Brooks is fascinated with Buster's face. "His eyes shone with a certain intensity, fire and love. His face had little expression, but his eyes were always dynamically alive. His eyes spoke more than any script could speak."

In addition to having carefully observed Buster's work for decades, Brooks has a special perspective on Keaton because he directed and starred in the 1976 comedy Silent Movie, one of the few major silent releases since the 1930s.

Brooks recalls that making silent movies required different considerations. He says, "I really felt a closeness to Chaplin and to Keaton. How do you tell a story without talking or overacting? How do you simply indicate?"

If shooting a silent movie forced Brooks to rethink his storytelling techniques, the process offered some unusual benefits. "I didn't have to worry about working ouMel Brooks' Silent Movietdoors and waiting for (the sound of) airplanes or passing trucks or having boom mikes to dodge. It was a pleasure."

According to Eleanor Keaton, Keaton's widow, she and Brooks worked together briefly on Silent Movie, recreating a comedy bit she and Buster had performed many times on stage and TV. In the scene, she would enter a phone booth to make a call. Buster-or in this case, Brooks-was crouched and hidden from view underneath her. He would stand up, pushing her up through the top of the booth.
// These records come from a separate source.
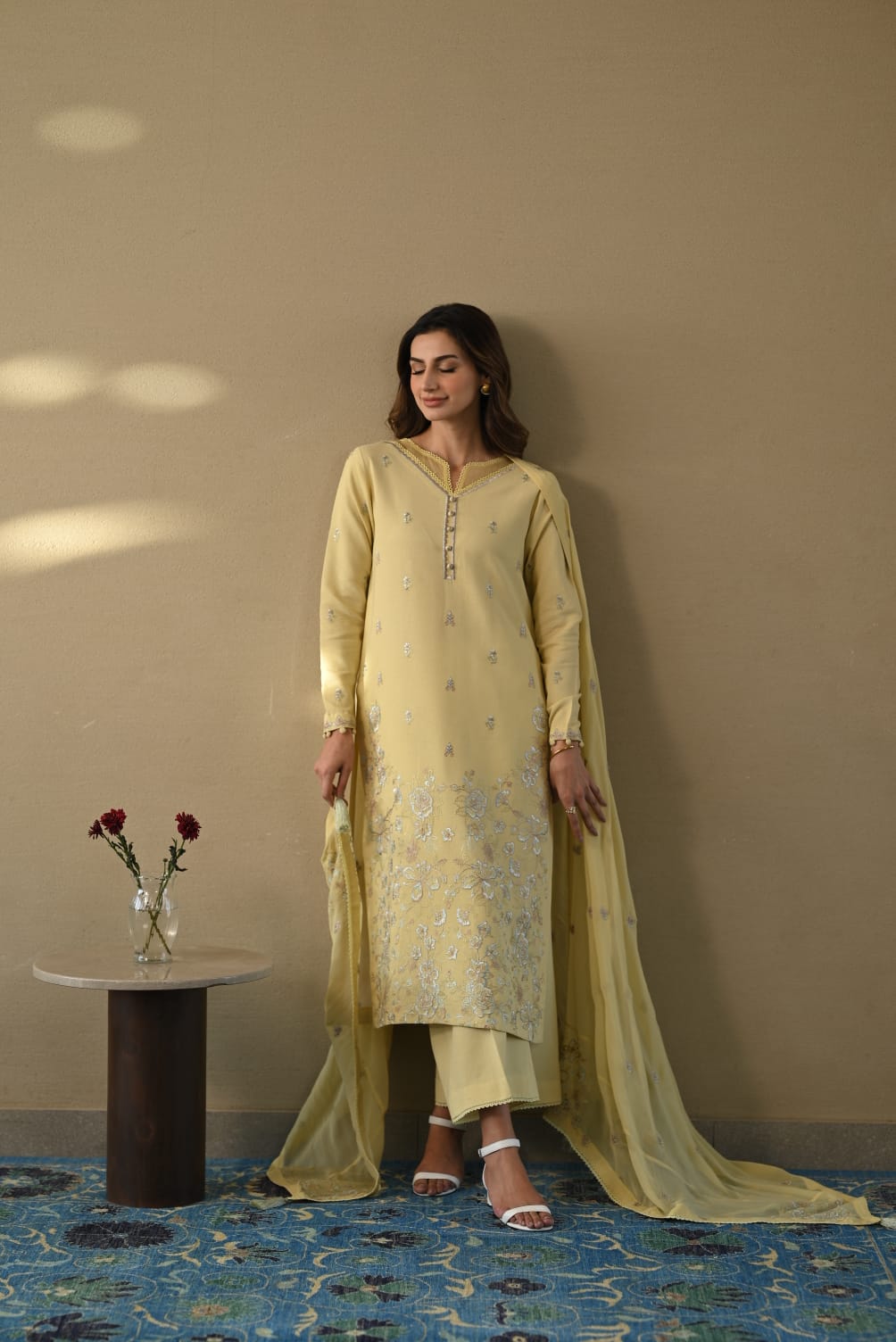 BUTTER YELLOW LUXURY EMBROIDERED 3PCS SET (NPA3-25401) READY TO WEAR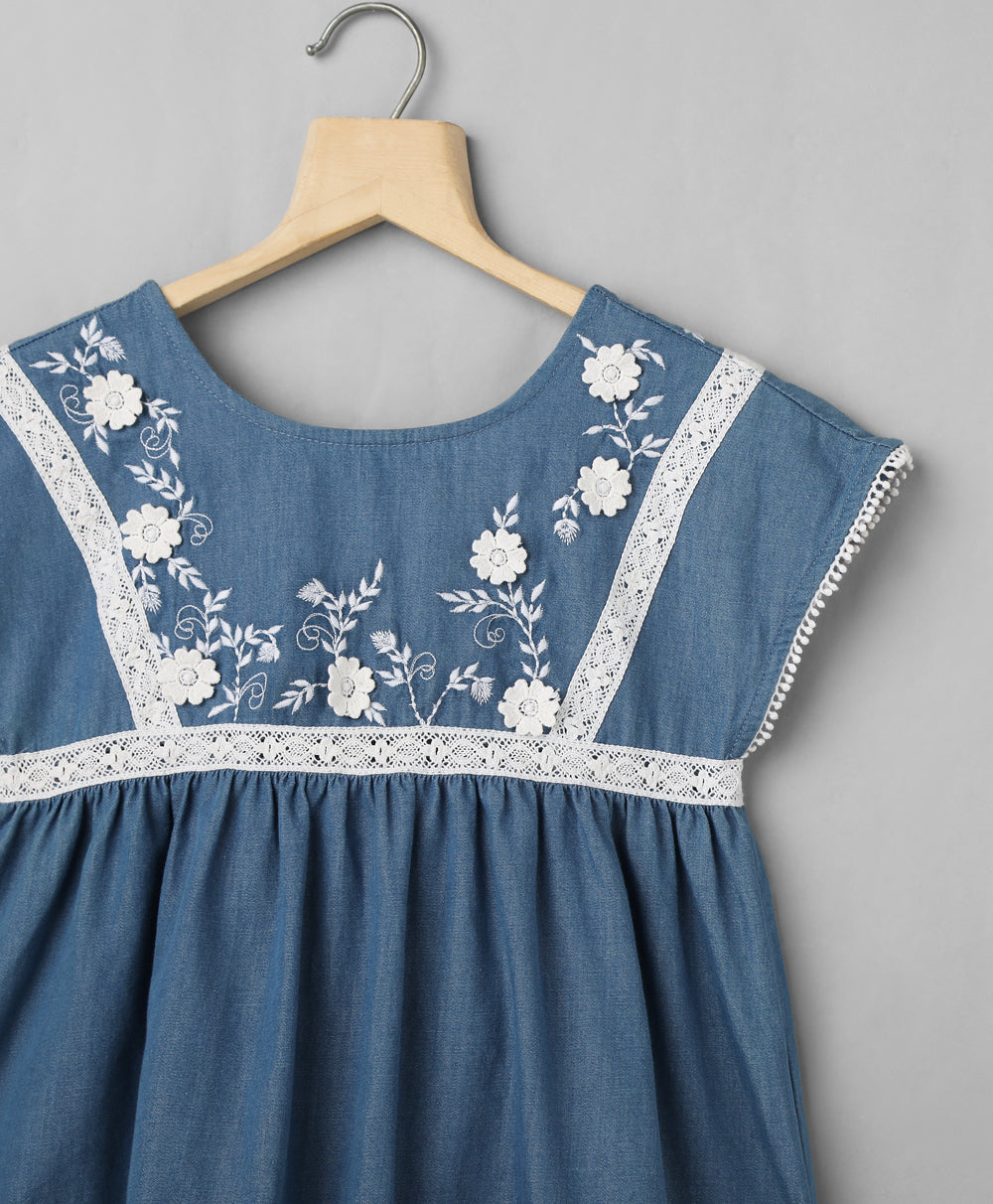 Flower Patch Denim Top - Blue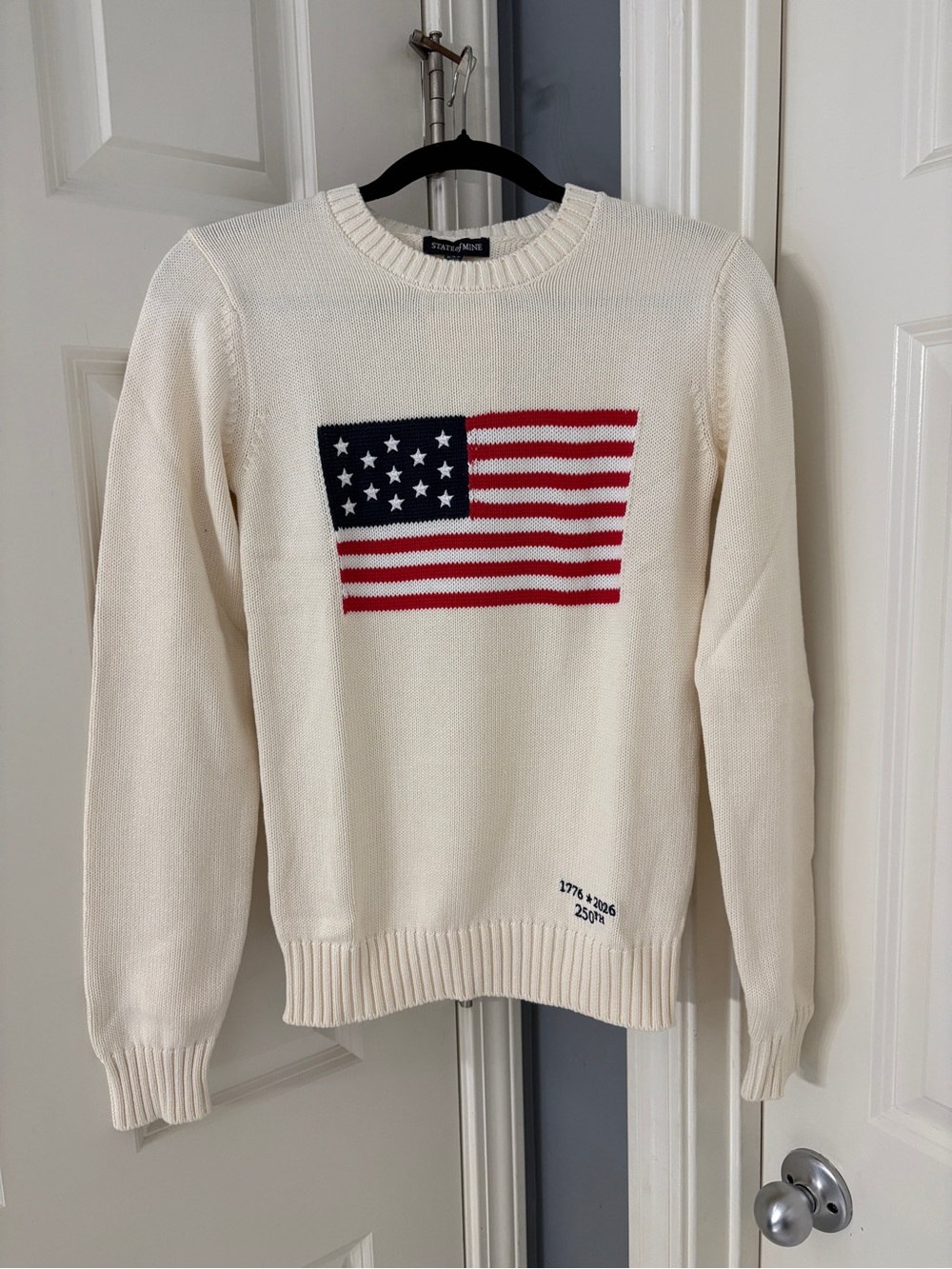 100% cotton Cream Crewneck Sweater with Flag Motif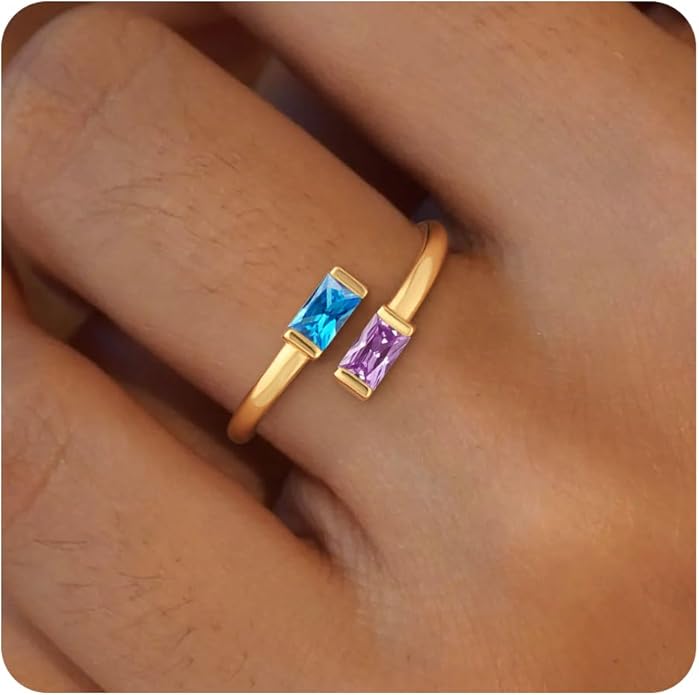 Honsny Gold Birthstone Rings for Women Non Tarnish 14K Gold Plated Adjustable Emerald Ring Cubic Zirconia Gemstone Promise Ring for Her Engagement Personalized Waterproof Jewelry Gifts for Birthday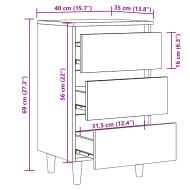 Нощно шкафче от старо дърво 40x35x69 cm Инженерна дървесина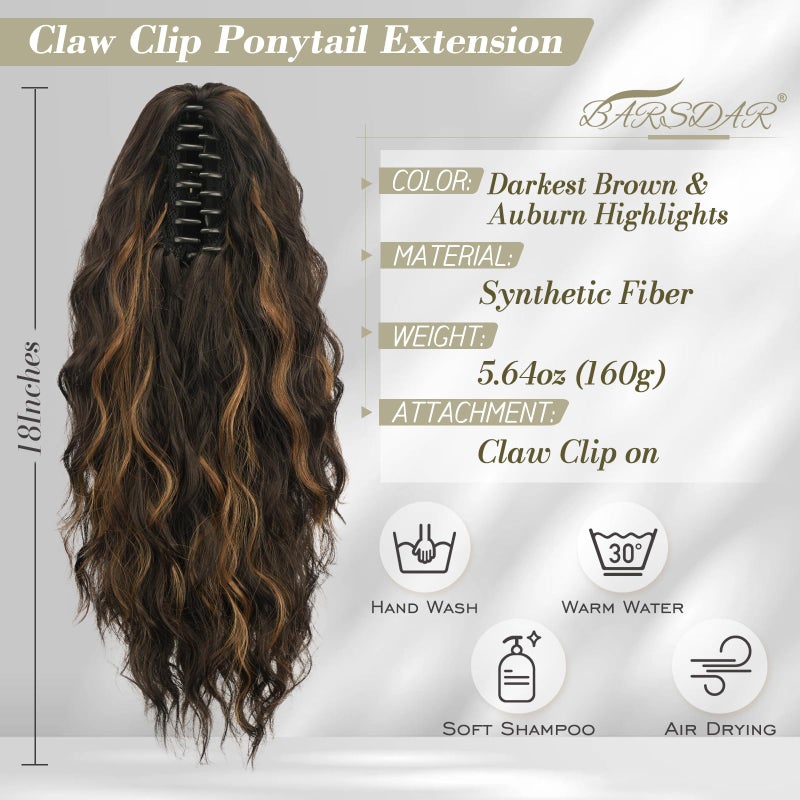 BARSDAR Highlight Ponytail Extension - 18 Inch Claw Clip Ponytail Extensions for Women - Curly Wavy Multi Layered Synthetic Clip in Pony Tail Hairpieces Daily - Dark Brown with Highlights - Image 2
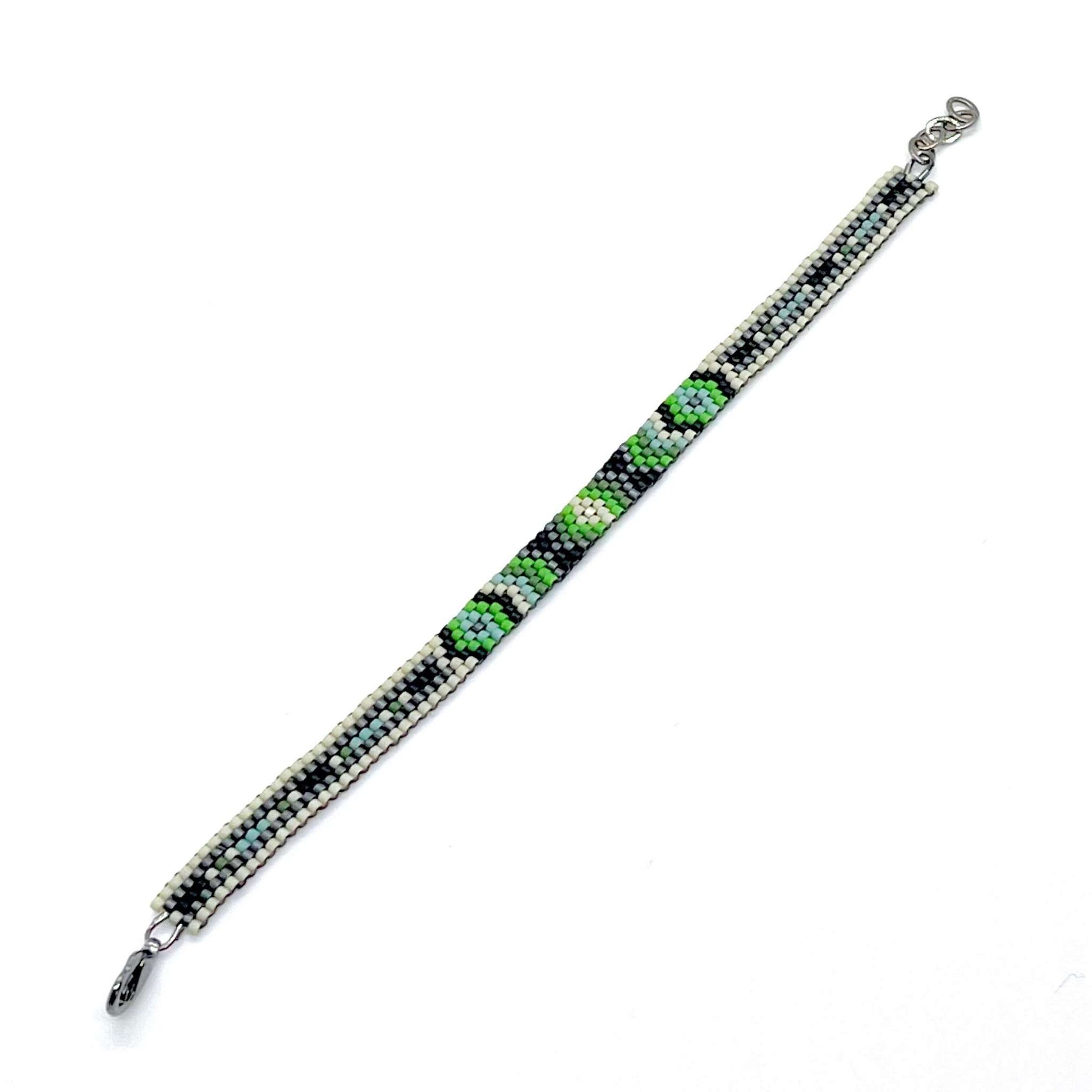 Flat beaded men's bracelet. Green Native American inspired peyote bead woven bracelet.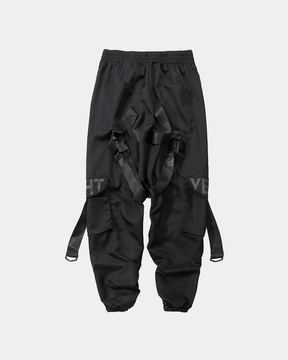 Black Cargo Pants With Straps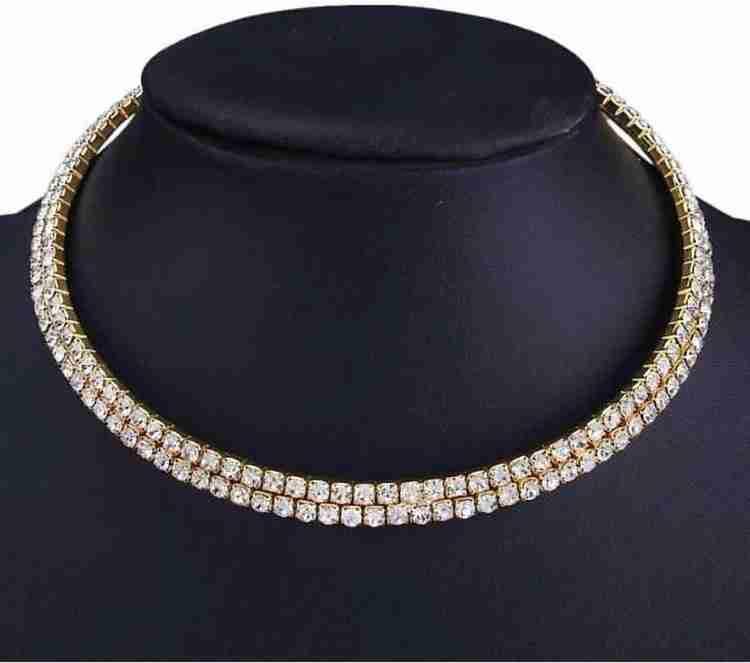 Aaruhi Creation Artificial Diamond Beautiful Round Shape Choker Necklace Design Diamond Gold plated Plated Alloy Choker Price in India Buy Aaruhi Creation Artificial Diamond Beautiful Round Shape Chok...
Although Eleanor and Brooks spent two days shooting the simple scene, it doesn't appear in the final film; it ended up on the cutting room floor after Brooks noticed a continuity problem when he viewed the rushes. Rather than reshoot the comedy bit, he chose to eliminate the short scene.

Brooks undoubtedly borrowed some of Buster's narrative techniques, and freely admits to using another of Buster's gags. In Silent Movie, villain Harold Gould and his accomplice Ron Carey are unable to leave a bathroom because the diminutive Carey keeps getting stuck in Gould's coat. The more diligently Carey tries to help his partner with his coat, the more aggravating the situation becomes.

When told that the scene in his film is similar to the infamous changing room scene in Buster's The Cameraman, Brooks confesses: "I stole that right from The Cameraman. A lot of people call it homage-I call it thievery. After we did it and it was in the camera, I got on
my knees and said, 'Thank you, Buster!'"

Despite his own credentials, Brooks maintains, "I owe (Buster) a lot on two levels: One for being such a great teacher for me as a filmmaker myself, and the other just as a human being watching this gifted person doing these amazing things. He made me believe in make-believe."